With the pictures left out, write out exactly the lines of the listing below that run from the line with "Fortok Dior Book" through the line with "Sterling Silver RH-plated".

# Provided material

Start of Block

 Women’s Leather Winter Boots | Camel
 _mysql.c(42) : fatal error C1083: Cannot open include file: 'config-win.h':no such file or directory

End of Block
Start of Block

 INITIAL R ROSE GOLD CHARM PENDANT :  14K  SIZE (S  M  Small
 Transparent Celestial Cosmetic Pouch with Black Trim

End of Block
Start of Block

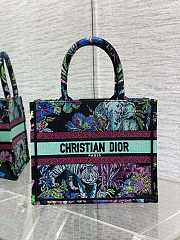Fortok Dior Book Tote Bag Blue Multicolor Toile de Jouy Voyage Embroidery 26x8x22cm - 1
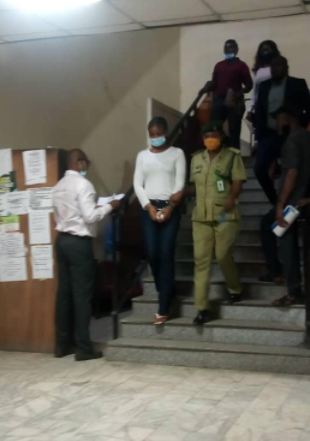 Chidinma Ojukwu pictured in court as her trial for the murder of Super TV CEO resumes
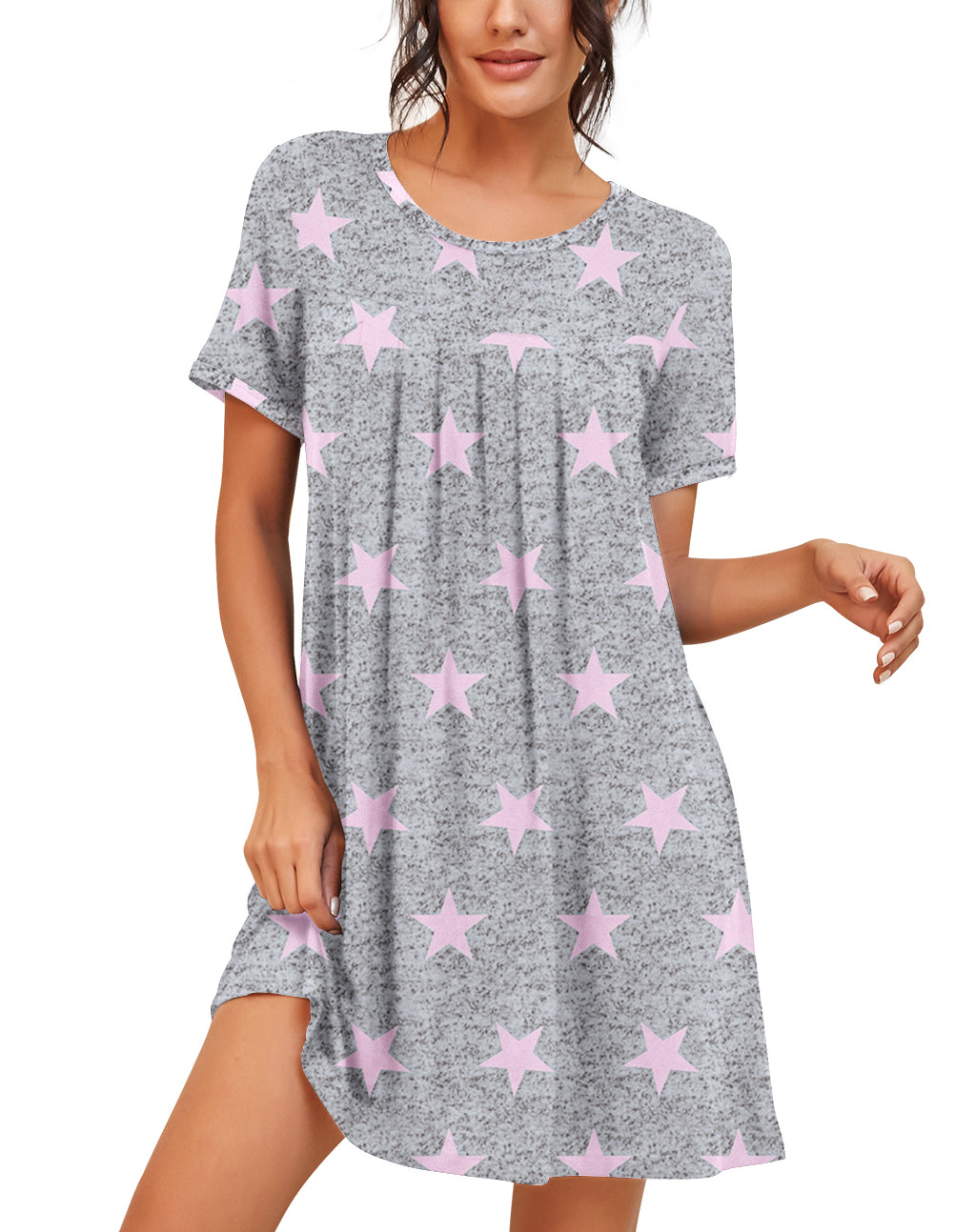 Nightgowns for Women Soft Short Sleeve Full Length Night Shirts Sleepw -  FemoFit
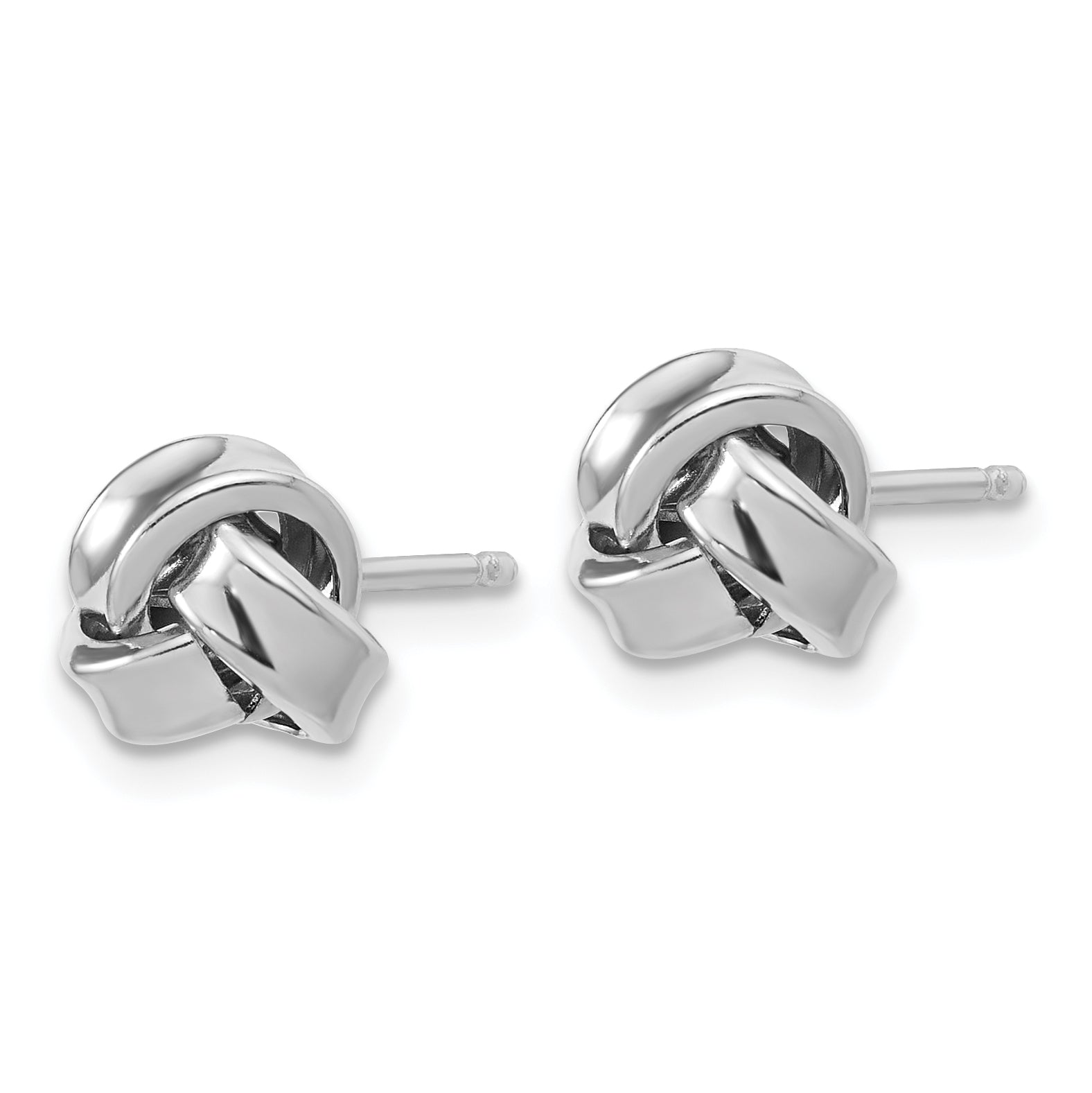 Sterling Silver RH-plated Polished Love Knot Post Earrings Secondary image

End of Block

# Exercise answer
Fortok Dior Book Tote Bag Blue Multicolor Toile de Jouy Voyage Embroidery 26x8x22cm - 1
 Chidinma Ojukwu pictured in court as her trial for the murder of Super TV CEO resumes
 Nightgowns for Women Soft Short Sleeve Full Length Night Shirts Sleepw -  FemoFit
 Sterling Silver RH-plated Polished Love Knot Post Earrings Secondary image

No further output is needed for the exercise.